Software epigrams

rusi rustompmody at gmail.com
Wed May 15 23:55:01 EDT 2013


On May 14, 8:08 am, Dan Sommers <d... at tombstonezero.net> wrote:
> On Tue, 14 May 2013 04:12:53 +1000, Chris Angelico wrote:
> > On Tue, May 14, 2013 at 4:02 AM, Skip Montanaro <s... at pobox.com> wrote:
> >>> 8. A programming language is low level when its programs require
> >>> attention to the irrelevant.
> >> I think "irrelevant" in this context means stuff like memory
> >> management.
> > Sure. That one's pretty clear (if you care about memory management,
> > you want a low level language) ...
>
> http://www.memorymanagement.org/articles/lang.htmlsays:
>
>     C programmers think memory management is too important to be
>     left to the computer. Lisp programmers think memory management
>     is too important to be left to the user.
>
>     (from Ellis and Stroustrup's The Annotated C++ Reference Manual)

Notable physicist David Bohm wrote that the difficulty in
understanding quantum physics is largely a result of the limitation of
the subject-predicate format of Indo-European languages.

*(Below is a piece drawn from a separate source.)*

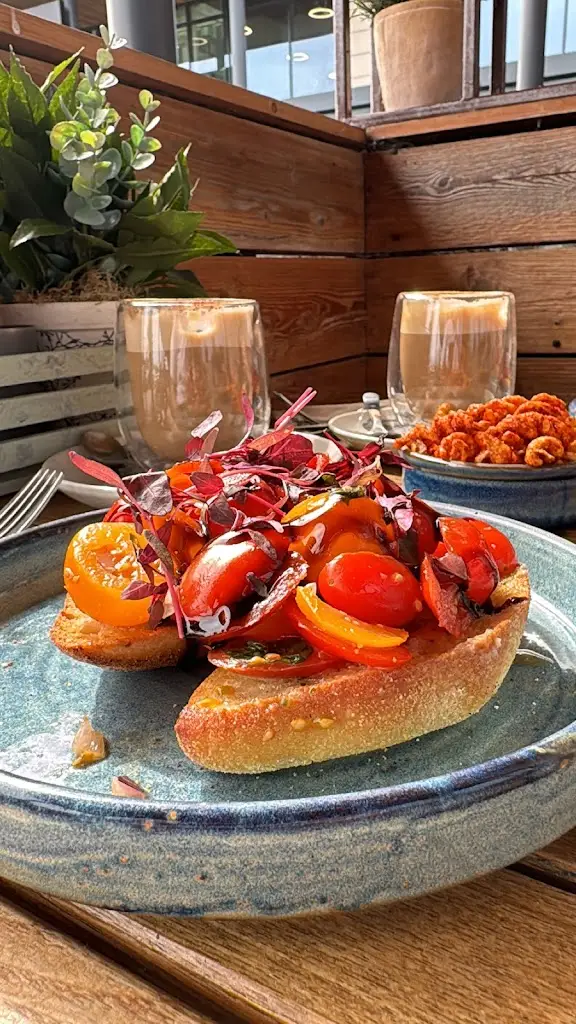 Zizzi - Rushden Lakes_Rushden_slider_image_3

He suggested some experiments in languaging called rheomode that makes
English more process-oriented and less (abstract)noun oriented.

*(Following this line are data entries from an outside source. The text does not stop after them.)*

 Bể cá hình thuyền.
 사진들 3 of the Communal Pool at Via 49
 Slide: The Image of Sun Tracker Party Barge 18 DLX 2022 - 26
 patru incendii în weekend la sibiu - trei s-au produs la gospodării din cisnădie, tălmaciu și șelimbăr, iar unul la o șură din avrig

One part of this project is to learn to use the word 'relevate' --
which is 'relevant' verbified with an element of 'elevate' as in 'lift
into relief'

I guess the Ellis and Stroupstrup quote above just shows that C++
programmers relevate in one direction whereas Lisp programmers
relevate in another.

More http://www.mindstructures.com/2010/04/meaning-and-context/

Twenty two years ago I wrote about this http://www.the-magus.in/Publications/chor.pdf

Suddenly I am finding glowing references to this
http://dieswaytoofast.blogspot.in/2013/01/why-i-grown-to-loathe-c.html

And I am uneasy because these questions are far less rhetorical/
tautological than I imagines in 1990!